* Exercise brief
Please retype the entries below exactly, only from their first line through the line containing "The Gram Panchayat elects", leaving every picture out.

··· The data

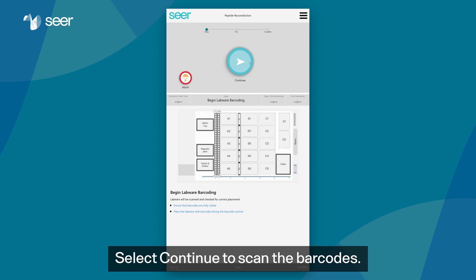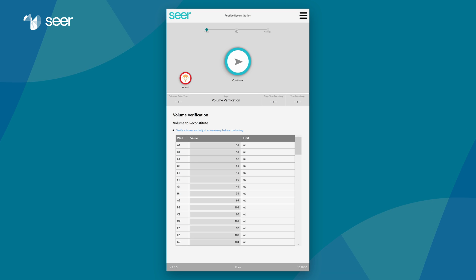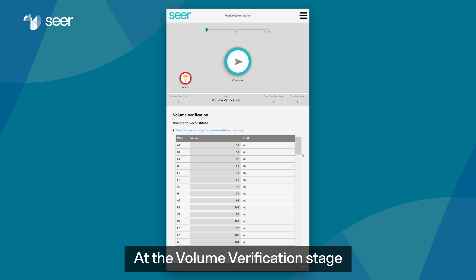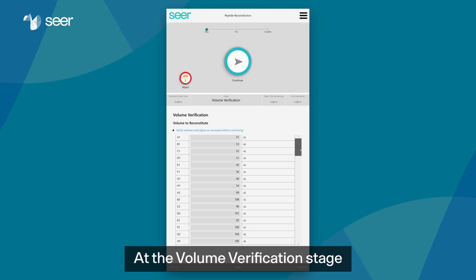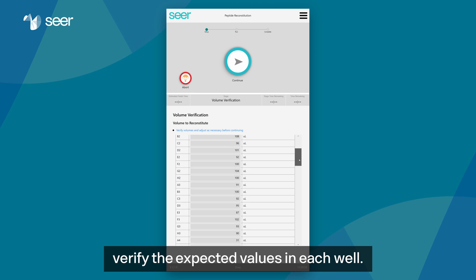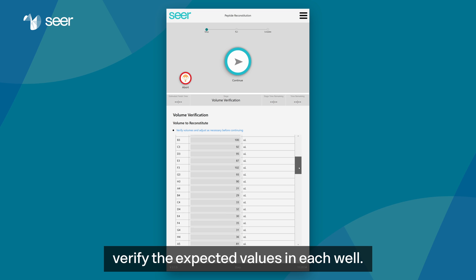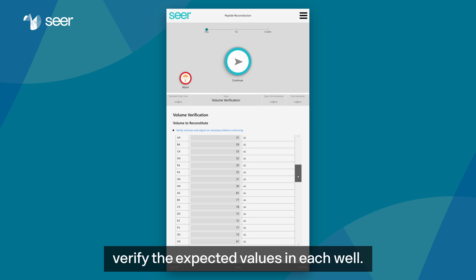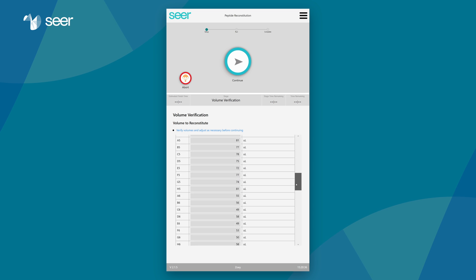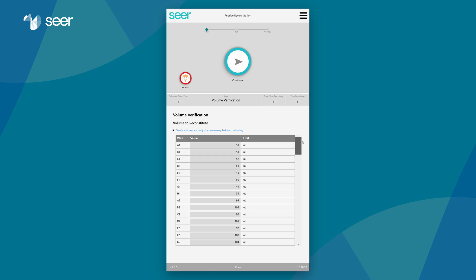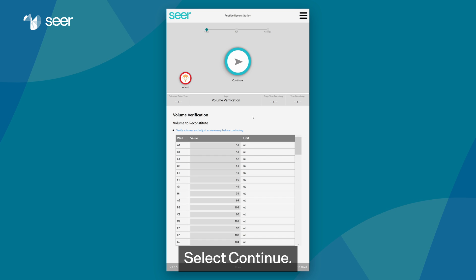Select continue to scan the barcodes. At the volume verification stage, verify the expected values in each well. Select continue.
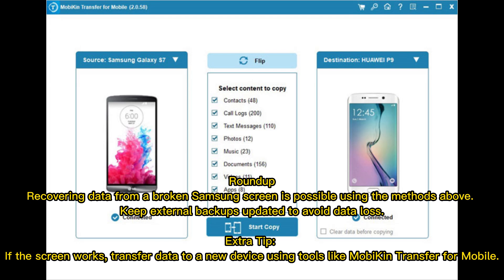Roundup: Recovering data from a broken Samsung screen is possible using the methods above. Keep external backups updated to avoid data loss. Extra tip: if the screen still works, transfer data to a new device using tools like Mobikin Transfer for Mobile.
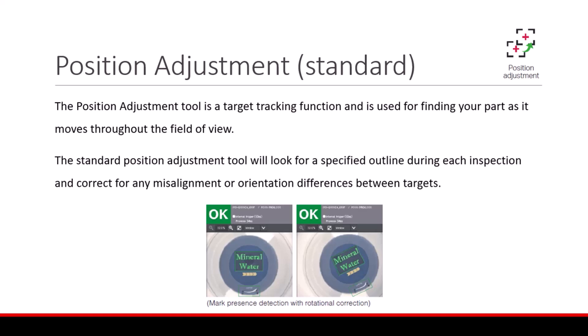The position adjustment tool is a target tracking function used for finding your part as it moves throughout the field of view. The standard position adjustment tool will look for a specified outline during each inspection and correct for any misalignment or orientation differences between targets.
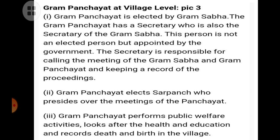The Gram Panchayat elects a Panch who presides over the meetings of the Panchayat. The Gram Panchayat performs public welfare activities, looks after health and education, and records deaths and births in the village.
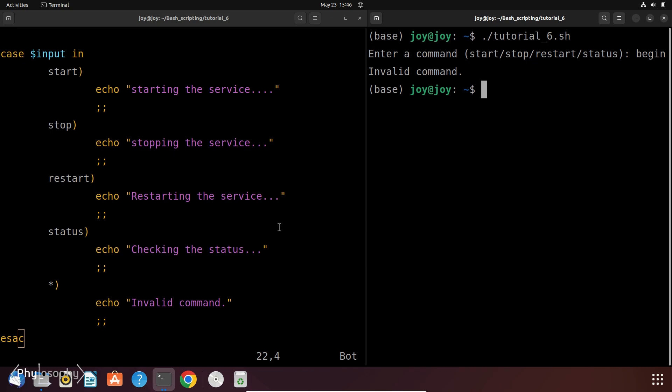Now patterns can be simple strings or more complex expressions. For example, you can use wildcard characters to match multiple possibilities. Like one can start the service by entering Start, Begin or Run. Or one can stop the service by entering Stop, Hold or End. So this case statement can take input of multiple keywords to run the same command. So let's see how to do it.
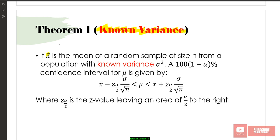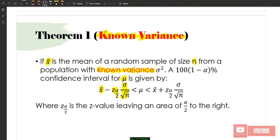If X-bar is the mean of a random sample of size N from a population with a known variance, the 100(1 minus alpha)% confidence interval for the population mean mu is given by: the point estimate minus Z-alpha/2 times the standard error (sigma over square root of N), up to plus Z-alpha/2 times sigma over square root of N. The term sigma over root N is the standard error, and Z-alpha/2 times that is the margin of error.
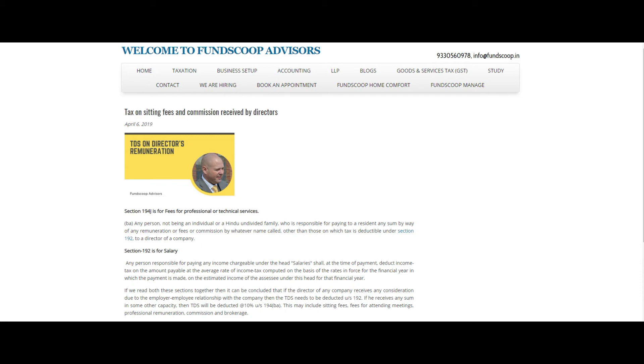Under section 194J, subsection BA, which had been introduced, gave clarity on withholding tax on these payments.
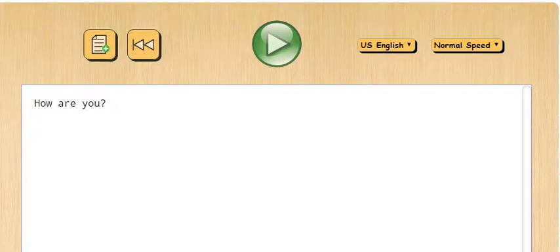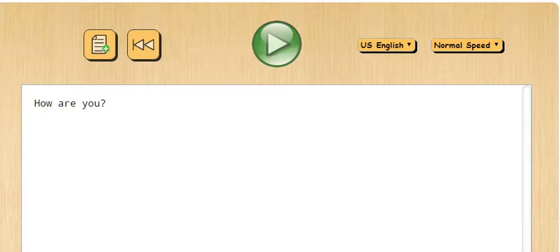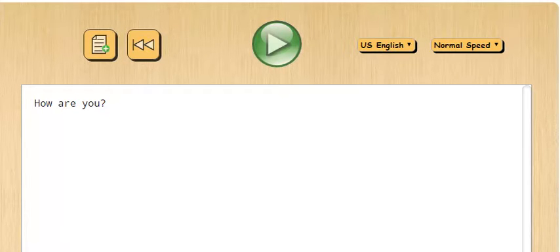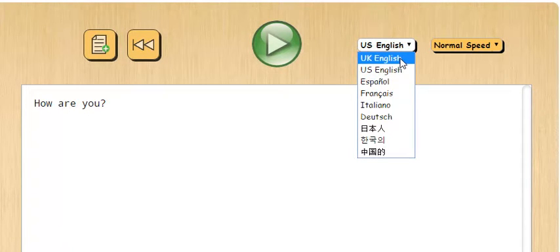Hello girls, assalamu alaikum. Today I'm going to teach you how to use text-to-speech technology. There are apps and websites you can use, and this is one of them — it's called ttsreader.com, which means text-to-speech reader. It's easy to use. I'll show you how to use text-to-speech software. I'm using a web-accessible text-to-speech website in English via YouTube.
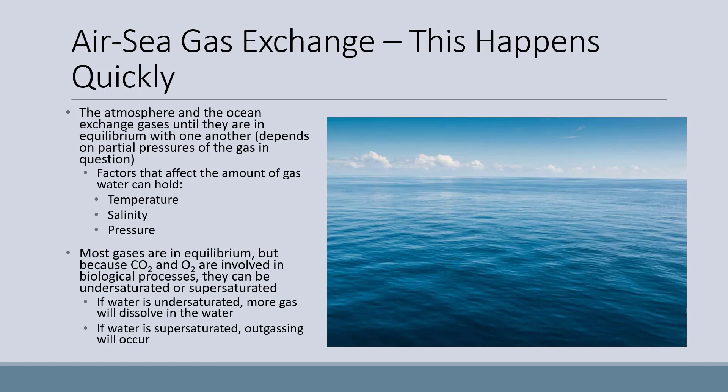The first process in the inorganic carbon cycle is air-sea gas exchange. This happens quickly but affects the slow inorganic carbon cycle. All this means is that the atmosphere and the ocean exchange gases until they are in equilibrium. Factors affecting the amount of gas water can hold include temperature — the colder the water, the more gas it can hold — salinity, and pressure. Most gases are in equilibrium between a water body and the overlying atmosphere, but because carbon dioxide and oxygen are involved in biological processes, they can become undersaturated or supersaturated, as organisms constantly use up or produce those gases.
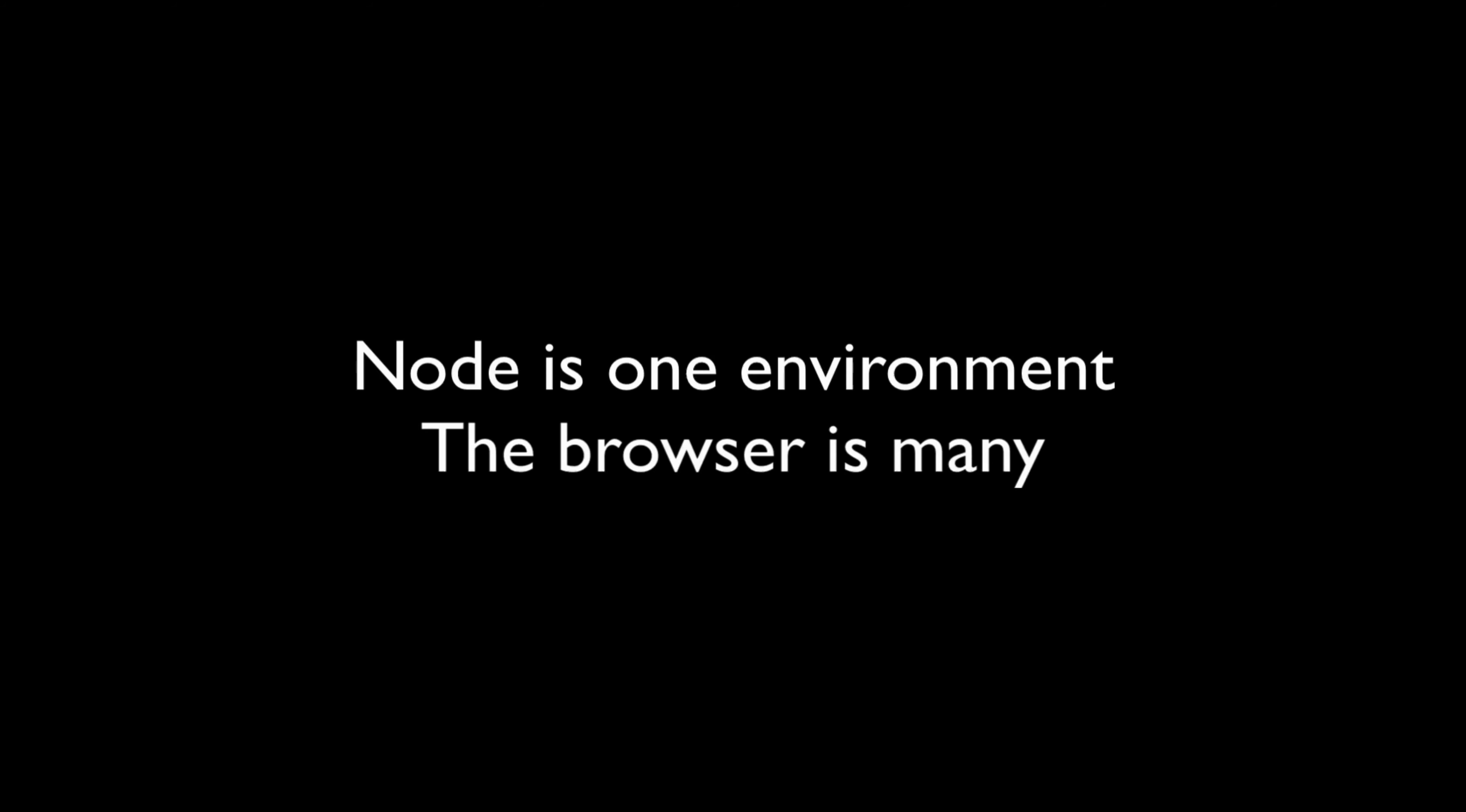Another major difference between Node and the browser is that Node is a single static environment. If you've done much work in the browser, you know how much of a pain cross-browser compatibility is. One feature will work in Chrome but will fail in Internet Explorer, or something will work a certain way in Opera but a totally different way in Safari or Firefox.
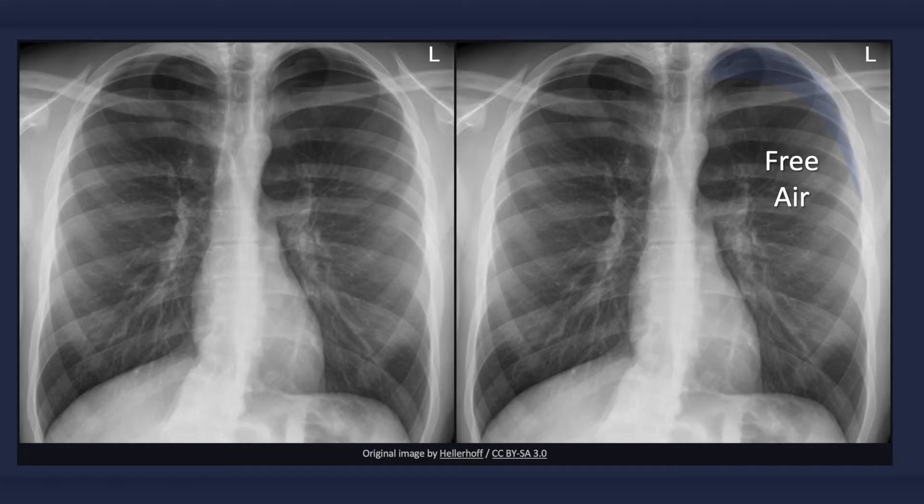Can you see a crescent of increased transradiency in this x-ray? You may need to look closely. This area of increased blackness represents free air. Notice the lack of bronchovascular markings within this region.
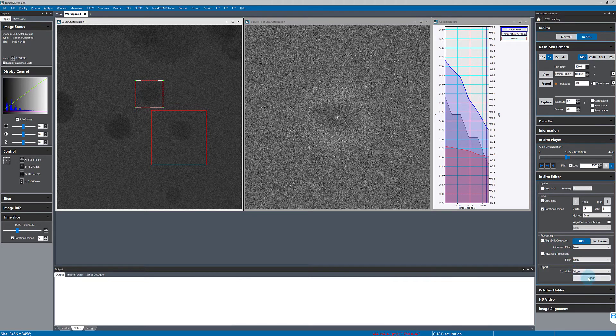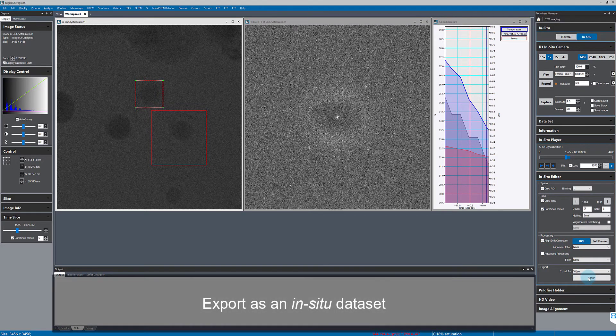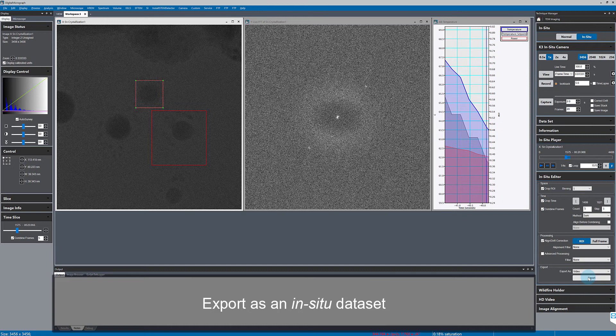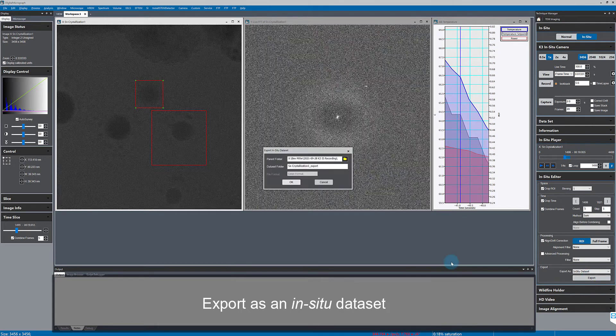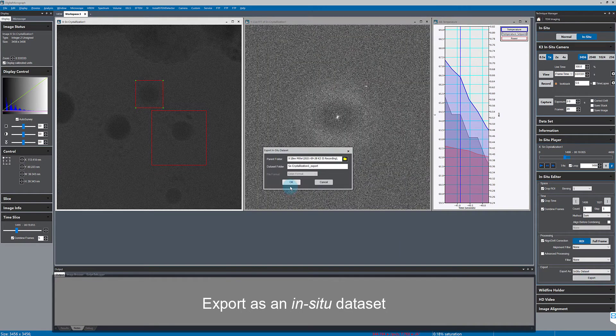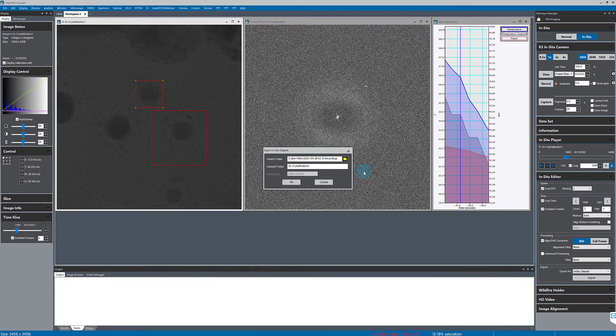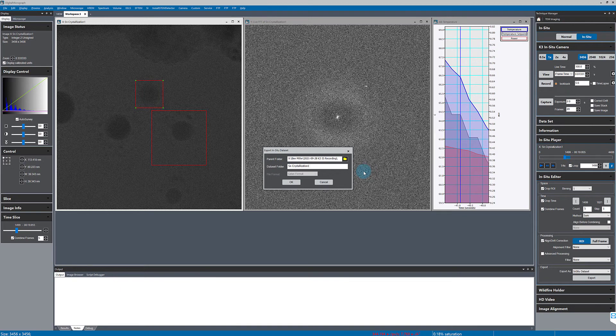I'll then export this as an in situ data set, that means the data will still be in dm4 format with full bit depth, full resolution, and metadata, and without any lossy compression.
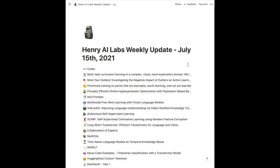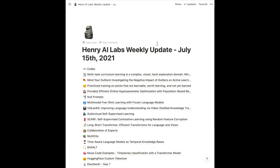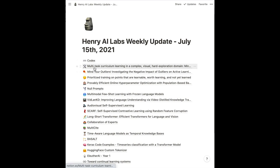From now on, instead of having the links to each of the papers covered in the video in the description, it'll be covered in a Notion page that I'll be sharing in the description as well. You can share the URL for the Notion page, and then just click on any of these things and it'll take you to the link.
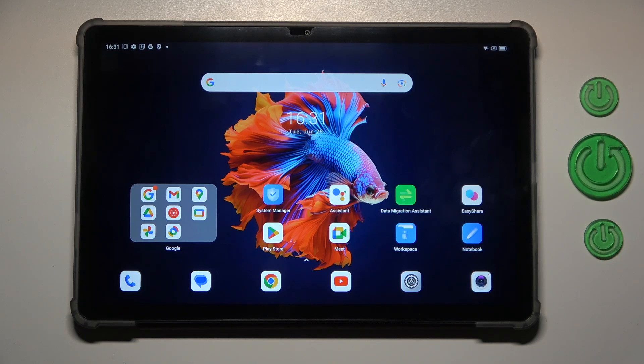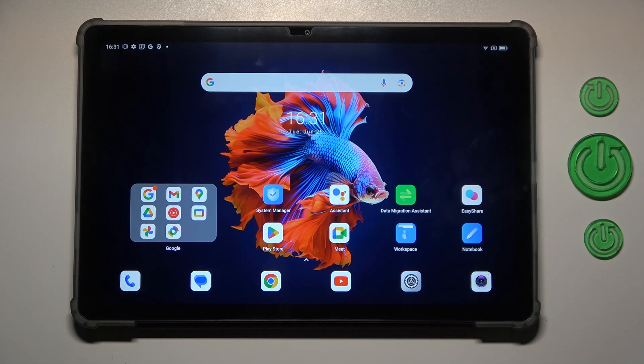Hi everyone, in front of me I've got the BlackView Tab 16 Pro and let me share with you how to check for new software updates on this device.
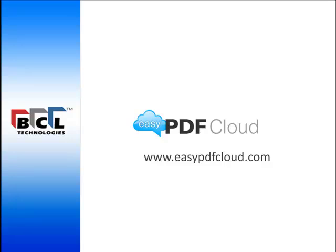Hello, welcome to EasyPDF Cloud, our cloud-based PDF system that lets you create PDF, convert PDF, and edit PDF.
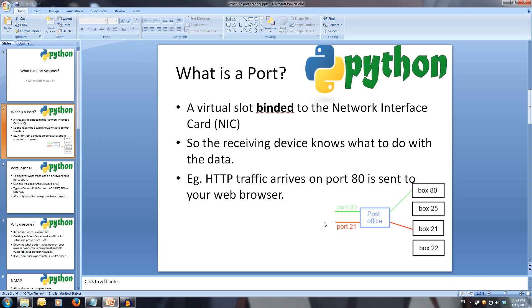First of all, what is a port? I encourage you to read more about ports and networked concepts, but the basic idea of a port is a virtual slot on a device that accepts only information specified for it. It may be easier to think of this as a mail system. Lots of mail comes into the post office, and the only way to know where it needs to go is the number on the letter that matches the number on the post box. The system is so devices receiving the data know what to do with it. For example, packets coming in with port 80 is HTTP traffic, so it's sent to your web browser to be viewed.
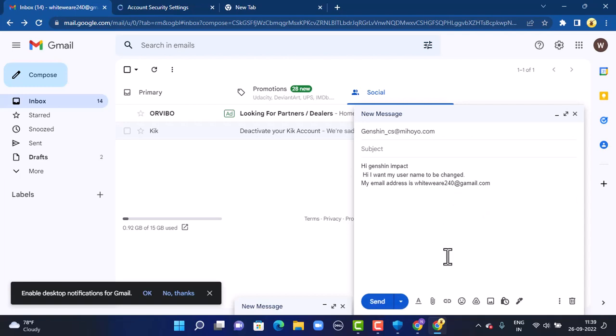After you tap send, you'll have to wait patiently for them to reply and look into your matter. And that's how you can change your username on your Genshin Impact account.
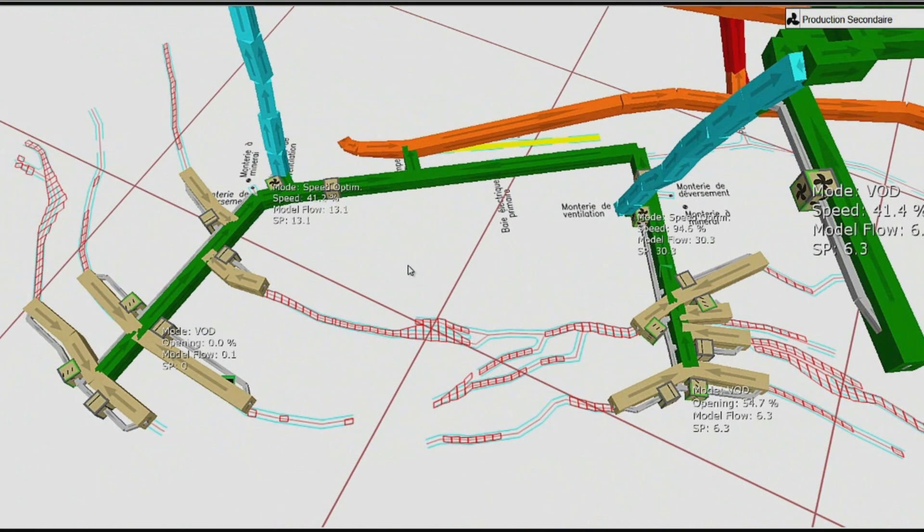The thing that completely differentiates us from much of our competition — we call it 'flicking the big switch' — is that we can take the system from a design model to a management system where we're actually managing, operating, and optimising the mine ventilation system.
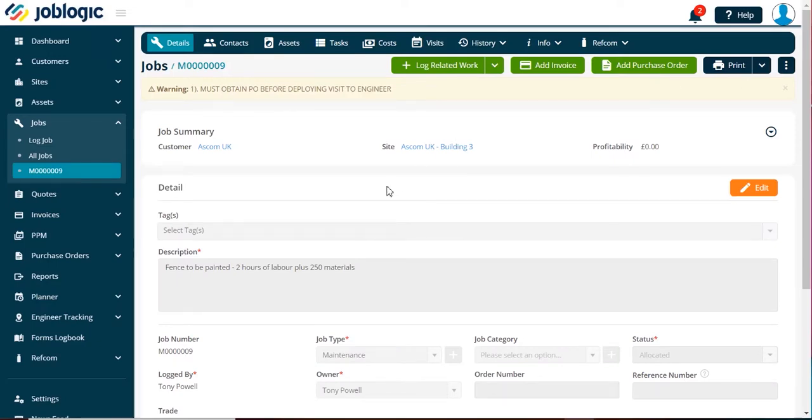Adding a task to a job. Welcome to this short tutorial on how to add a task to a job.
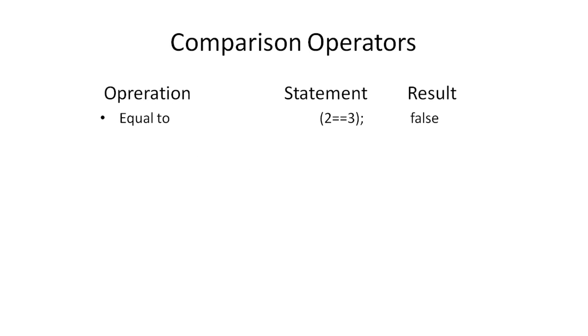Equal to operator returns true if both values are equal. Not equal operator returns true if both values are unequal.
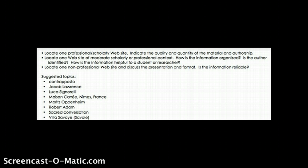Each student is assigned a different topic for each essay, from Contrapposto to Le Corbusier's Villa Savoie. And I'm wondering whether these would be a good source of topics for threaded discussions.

······

* Result
Select continue to scan the barcodes. At the volume verification stage, verify the expected values in each well. Select continue.
Roundup: Recovering data from a broken Samsung screen is possible using the methods above. Keep external backups updated to avoid data loss. Extra tip: if the screen still works, transfer data to a new device using tools like Mobikin Transfer for Mobile.
The position adjustment tool is a target tracking function used for finding your part as it moves throughout the field of view. The standard position adjustment tool will look for a specified outline during each inspection and correct for any misalignment or orientation differences between targets.
The Gram Panchayat elects a Panch who presides over the meetings of the Panchayat. The Gram Panchayat performs public welfare activities, looks after health and education, and records deaths and births in the village.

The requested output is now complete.